The ESGSS Committee has also increased its number of members to seven including portfolio managers, representatives of the investment, compliance, and client services teams. It regularly invites guest attendees to report to the Committee and lend specialist insights, and also to promote the Firmwide understanding of ESG goals and objectives.

The Firm’s stewardship policies are reviewed annually by the ESGSS Committee and approved by the Compliance team, to ensure that they are fair and balanced, and that best practices and up-to-date climate guidelines are adhered to. Our responsible investment and ESG policies are published on our website at https://polunin.co.uk/#responsibility.

We aim to ensure that our stewardship reporting is fair, balanced and understandable.  Quarterly proxy voting reports and annual engagement reports are written in plain English and are subject to review and approval by the ESGSS Committee with our annual TCFD report additionally reviewed by the Board and signed off by the CEO. Once approved they are further reviewed by our Compliance team before being published on our website and are available to all members of the public. In 2023 we started to provide examples that show clear objectives and outcomes in our engagement report, and focused our stewardship efforts on setting objectives and demonstrating outcomes going forward.

PCPL is a small firm and as such does not maintain an Internal Audit department. Instead we engage external auditors, experts and consultants to ensure that our compliance framework is subject to regular independent assessment; and our governance and operational structure is subject to a full systems and controls audit. The Firm does not use external assurance to evaluate its ESG policies and processes, but we continue to assess the most appropriate method for assuring the effectiveness of our stewardship activities.

PRINCIPLE 6

Signatories take account of client and beneficiary needs and communicate the activities and outcomes of their stewardship and investment to them.

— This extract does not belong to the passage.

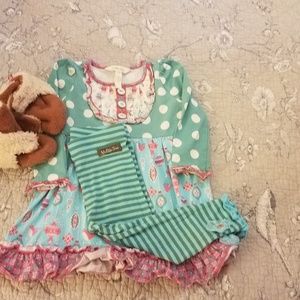 Matilda jane 12 to 18 mos Christmas dress
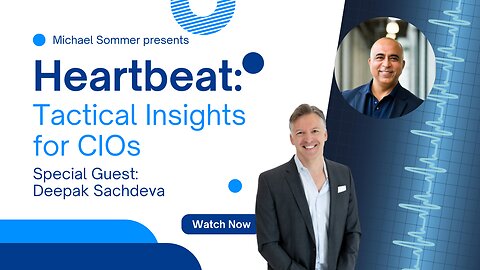 From Technical Debt to Value Creation: A Conversation with Deepak Sachdeva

PCPL manages assets for a range of professional clients (and fund investors) including pension funds, endowments and comingled investment funds. Below is a breakdown of our clients/fund investors by geography and type as at 31 December 2023:

Our client base is predominantly US focused (84%), but we also have significant investment from institutions in Singapore (6%) and Saudi Arabia (4%). We are more diversified in terms of institutional client type with public pensions, wealth managers and endowments representing 69% of our total assets under management (‘AUM’).  Private pensions, sovereign wealth funds and foundations are the primary source of the remaining balance, representing a further 27% of our AUM. PCPL’s invested AUM is typically over 99% in Emerging Markets listed equities.

All the Firm’s investment strategies are underpinned by a common, deep-value investment methodology and process, which is best suited to a longer-term investment horizon (3 to 5 years). The deep-value philosophy is aligned with our stated goal of seeking ESG improvements in investee companies over multiple years, a process that requires investment analysts to engage regularly with the companies they are responsible for valuing. Our deep-value investment style tends to have a higher weighting toward hard-to-abate sectors, and Emerging Markets companies often have to contend with national energy policies that do not always align with the energy transition expectations of investors from developed markets. Our engagement with investees often involves educating them on investor expectations, and urging them to implement a reporting roadmap alongside improving governance and oversight on sustainability risks. The decarbonisation difficulty in Emerging Markets is generally well understood by clients, but portfolio risks need to be well-managed, and since 2022 we have published carbon emissions and climate risks data of our holdings in an annual TCFD report. Continued engagement with companies on climate risks forms an important part of stewardship approach.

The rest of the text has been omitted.